J.M.W. Turner @ the Metropolitan Museum
The Metropolitan Museum of Art’s “J.M.W. Turner” is a beast of a show. With nearly 150 works in oil and watercolor spanning more than half a century, it will either win you over or wear you out. Or it will alternate, gallery by gallery, or wall by wall, as the art swings between overblown and moving, inspired and mechanical.
“Snow Storm: Hannibal and his Army Crossing the Alps” by artist Joseph William Mallord Turner. Photo: Tate, London
In the history of Western painting, the great British artist Joseph William Mallord Turner (1775-1851) looms as a prodigiously gifted, productive and innovative figure. His complex legacy reflects his interests not only as an artist, but as a poet, naturalist, philosopher and lover of music and theater.

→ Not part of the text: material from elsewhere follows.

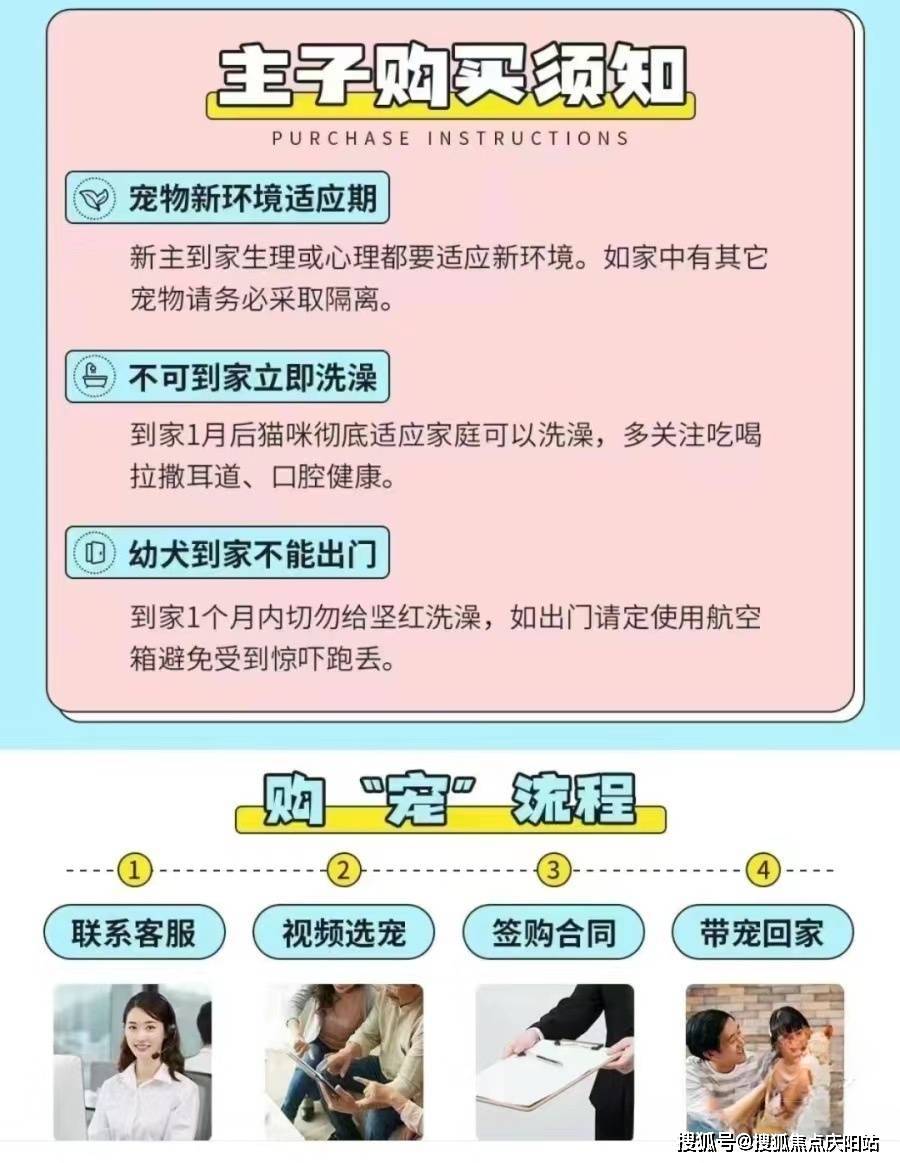 这里安全可靠还能实体店挑选宠物!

”View of London from Greenwich” (circa 1825). Photo: Metropolitan Museum of Art
His paintings of storms at sea or Alpine plunges are early examples of the natural sublime; his squalls of paint presage the Romantics, the Realists, the Impressionists and even the Abstract Expressionists. He built luminosity into his canvases by painting on white grounds (rather than the traditional black), and he used color as color and paint as paint more directly than anyone before him.
“The Shipwreck”. Photo: Tate, London
Turner’s works pop out when seen one at a time in a museum collection. Seeing them in bulk is another matter. His innovations can be dulled by its repetitiveness and unvarying skill. In the present Turner’s achievement still seems to be up for grabs, something to fight about, which adds excitement to the ups and downs of the Met show.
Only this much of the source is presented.